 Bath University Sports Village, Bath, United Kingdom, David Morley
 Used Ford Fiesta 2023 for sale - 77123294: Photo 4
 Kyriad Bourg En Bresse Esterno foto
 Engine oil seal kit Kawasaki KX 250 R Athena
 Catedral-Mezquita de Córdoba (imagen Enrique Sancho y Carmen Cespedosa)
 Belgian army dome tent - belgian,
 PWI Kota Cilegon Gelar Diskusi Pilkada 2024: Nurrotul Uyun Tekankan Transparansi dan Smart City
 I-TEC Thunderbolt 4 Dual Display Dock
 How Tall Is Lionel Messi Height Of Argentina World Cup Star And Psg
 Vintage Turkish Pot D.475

**********

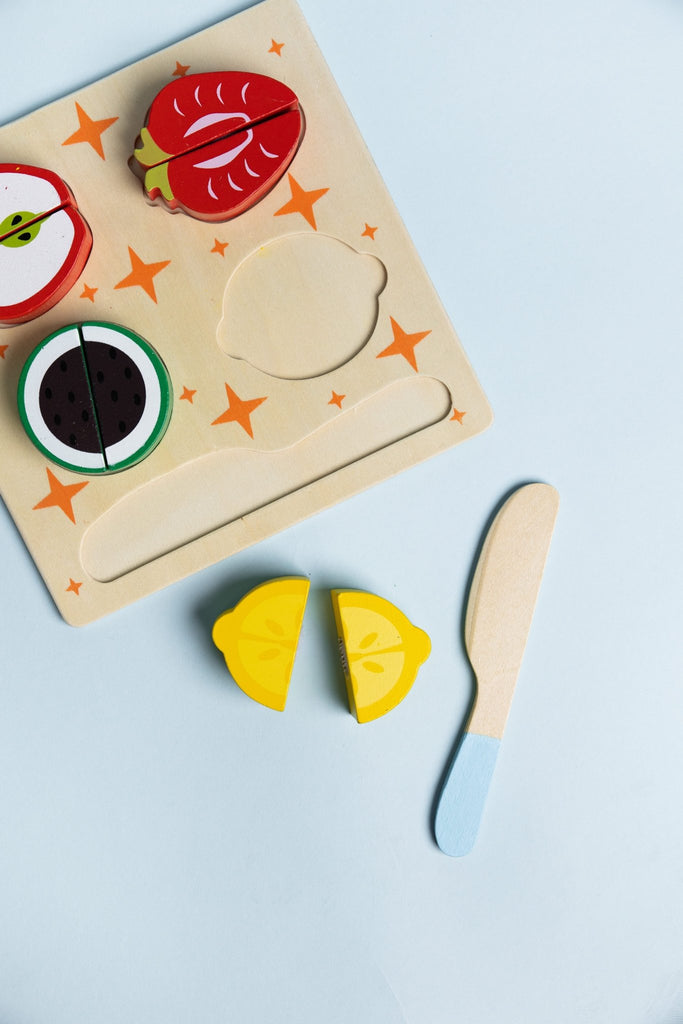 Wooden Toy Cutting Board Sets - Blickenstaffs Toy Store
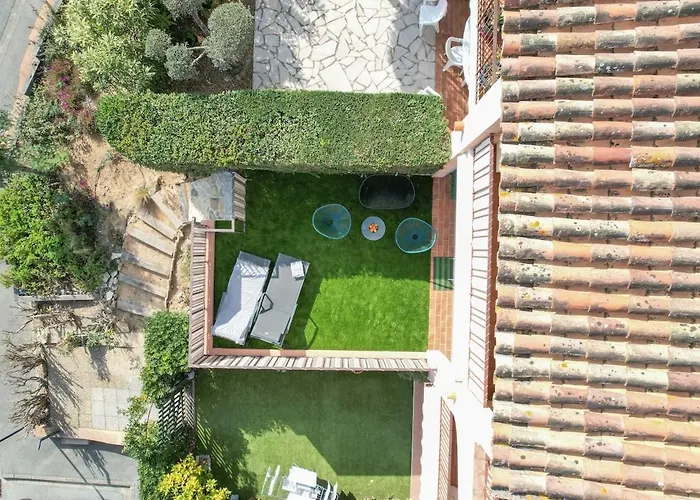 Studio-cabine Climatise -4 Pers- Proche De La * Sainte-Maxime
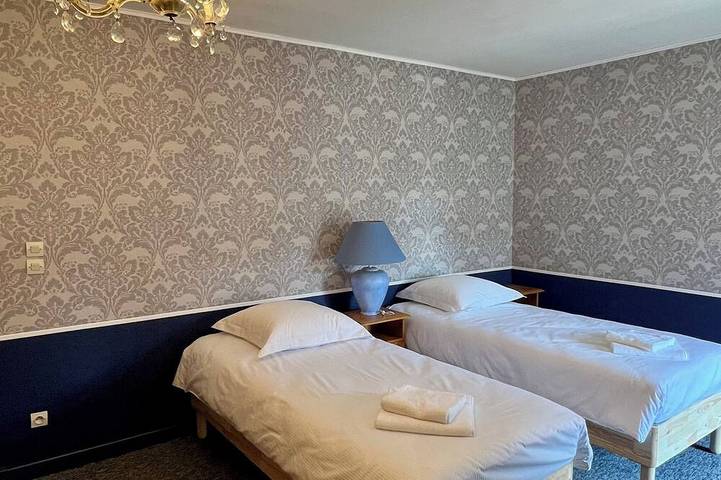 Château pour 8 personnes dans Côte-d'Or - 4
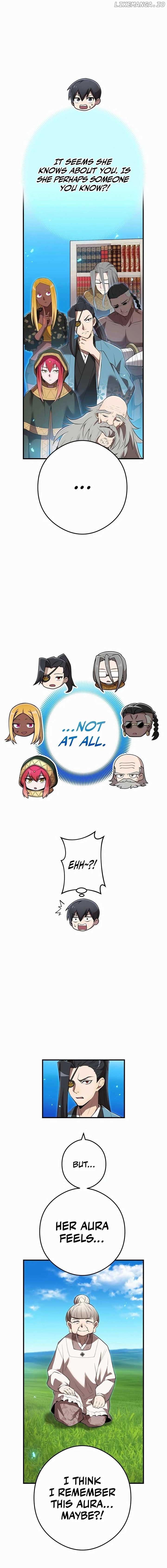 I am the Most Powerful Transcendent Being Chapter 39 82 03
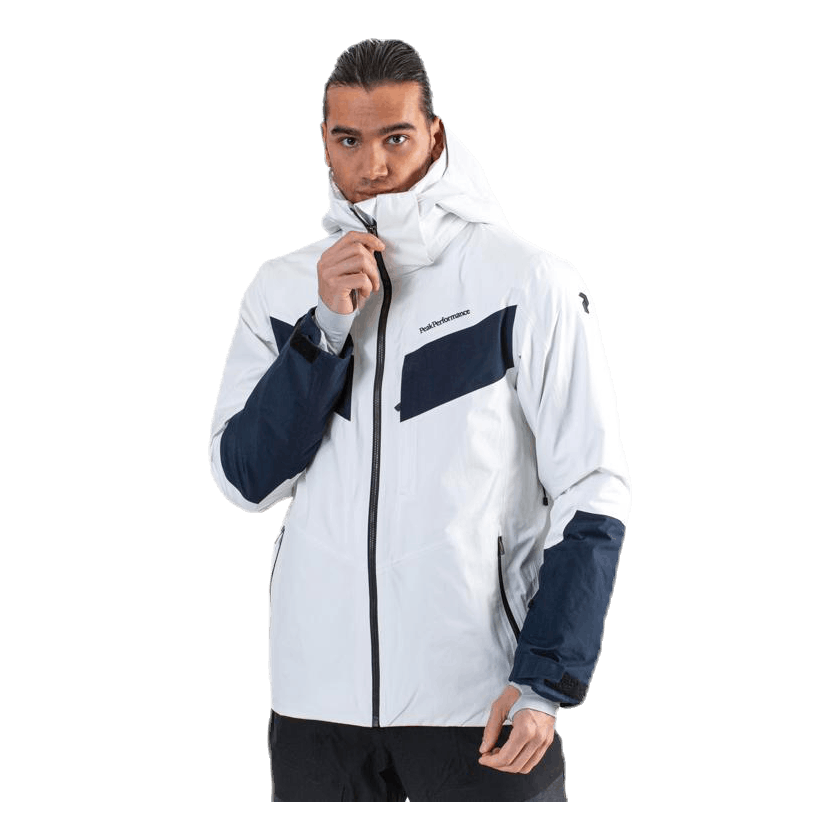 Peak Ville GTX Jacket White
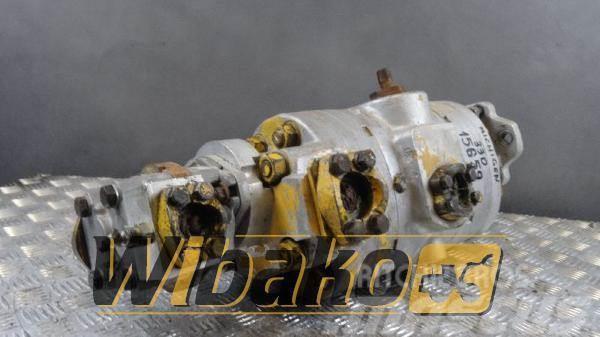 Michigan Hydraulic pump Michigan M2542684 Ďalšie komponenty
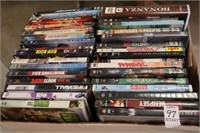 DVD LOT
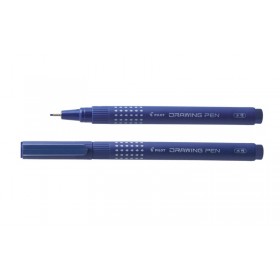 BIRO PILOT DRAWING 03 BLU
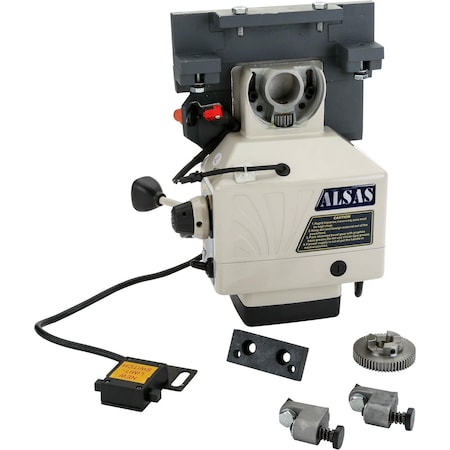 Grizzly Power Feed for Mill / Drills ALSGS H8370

**********

Exercise directions: Quote word for word only the lines above from the one containing "Studio-cabine Climatise -4" through the one containing "Grizzly Power Feed". Pictures stay out of your copy.

Your response:
 Studio-cabine Climatise -4 Pers- Proche De La * Sainte-Maxime
 Château pour 8 personnes dans Côte-d'Or - 4
 I am the Most Powerful Transcendent Being Chapter 39 82 03
 Peak Ville GTX Jacket White
 Michigan Hydraulic pump Michigan M2542684 Ďalšie komponenty
 DVD LOT
 BIRO PILOT DRAWING 03 BLU
 Grizzly Power Feed for Mill / Drills ALSGS H8370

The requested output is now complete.